Louis Salvador mourut dans son château tchèque de Brandýs, il y aura bientôt un siècle, le 12 octobre 1915, à la suite d’une opération à la jambe consécutive à l’éléphantiasis dont il souffrait depuis l’un de ses voyages. On imagine que ce centenaire sera commémoré comme il se doit à Majorque où il demeure très populaire.
Il avait donc légué la plupart de ses biens à son secrétaire ce qui ne fut pas su immédiatement, le testament était resté enfermé dans le navire de l’archiduc et ne fut ouvert et lu qu’en 1916 à l’ambassade d’Autriche à Madrid. Antonio Vives en accord avec ses enfants (tous ont eu depuis dans leurs prénoms ceux de l’archiduc et celui-ci considérait ces enfants comme les siens), conserva les biens majorquins mais il vendit en 1917 le château de Brandýs, à l’empereur Charles Ier, pour 8 millions de couronnes autrichiennes, et Antonio Vives mourut peu après à Brandýs et est inhumé dans le cimetière local. Le château a été confisqué en 1919 aux Habsbourg par l’État tchèque. Il est aujourd’hui en grande partie un musée consacré aux collections de Louis Salvator.
bianca
14 août 2014 @ 19:18
Merci beaucoup Dominique Charenton de conter cette histoire fort triste et de nous faire admirer ces lieux paradisiaques, dommage, cette propriété privée ne peut sans doute pas être visitée.

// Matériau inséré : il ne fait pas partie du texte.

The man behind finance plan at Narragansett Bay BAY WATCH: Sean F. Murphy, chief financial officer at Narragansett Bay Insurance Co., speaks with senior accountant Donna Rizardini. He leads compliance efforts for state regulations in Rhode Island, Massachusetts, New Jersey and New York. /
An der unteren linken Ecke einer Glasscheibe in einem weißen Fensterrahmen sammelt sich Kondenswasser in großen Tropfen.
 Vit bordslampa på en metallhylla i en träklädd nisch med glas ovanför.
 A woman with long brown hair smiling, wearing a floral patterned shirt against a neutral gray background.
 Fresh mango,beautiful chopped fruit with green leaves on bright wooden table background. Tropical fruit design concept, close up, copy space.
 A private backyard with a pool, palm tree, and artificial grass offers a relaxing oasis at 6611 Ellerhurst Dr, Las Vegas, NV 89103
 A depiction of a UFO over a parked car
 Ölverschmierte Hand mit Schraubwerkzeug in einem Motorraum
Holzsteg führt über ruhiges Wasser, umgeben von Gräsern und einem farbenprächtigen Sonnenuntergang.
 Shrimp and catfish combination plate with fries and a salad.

Très cordialemet.
brigitte et christian
15 août 2014 @ 14:23
bonjour à tous
voila des commentaires dus à Dominique et Gérard qui méritent remerciement pour l’intérêt qu’ils présentent et montrent que sur le site nous avons de vrais érudits
merci
amitiés du sud ouest sous un ciel mitigé
Gérard
15 août 2014 @ 16:00
Que vous êtes gentils Brigitte et Christian et indulgents !
J’ai toujours beaucoup de plaisir à vous lire pour votre intelligence et votre sagesse et pour comme dirait l’un de nos amis le beau couple que vous formez. Amitiés de Provence où un petit mistral nous a ramené le soleil après quelques trombes d’eau avant hier. Joyeuse fête de l’Assomption.